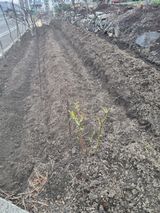 김용대님의 작성글 사진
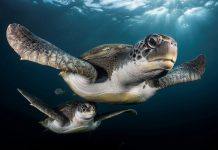 Учёные не могут объяснить, почему жители океана плавают кругами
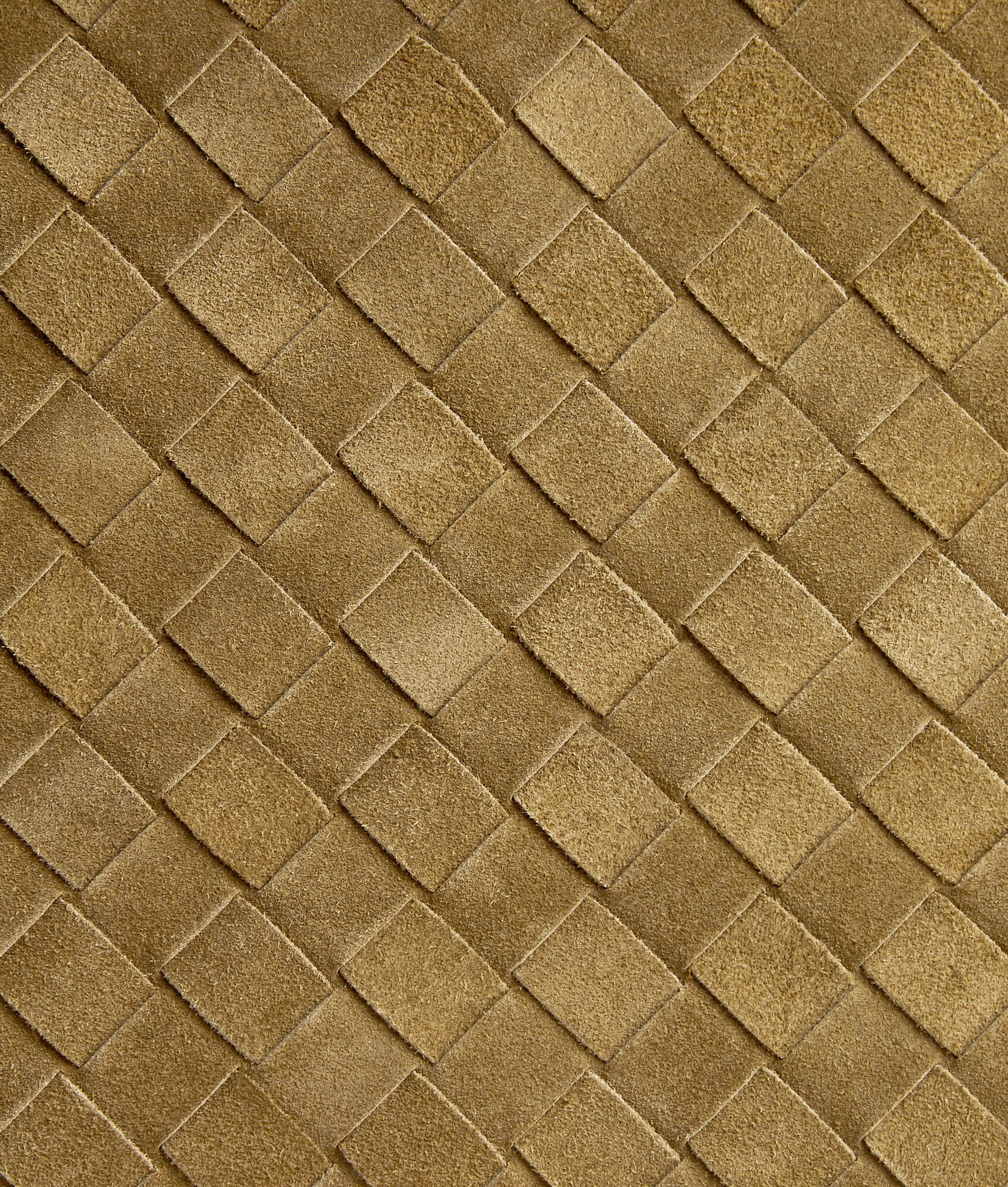 BOTTEGA VENETA Andiamo背提包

.....

EXERCISE PROMPT
Everything from the line with "Учёные не могут" through the end of the listing above, both ends included, should be set down exactly; copy nothing else, and skip the pictures.

COMPLETED TASK
 Учёные не могут объяснить, почему жители океана плавают кругами
 BOTTEGA VENETA Andiamo背提包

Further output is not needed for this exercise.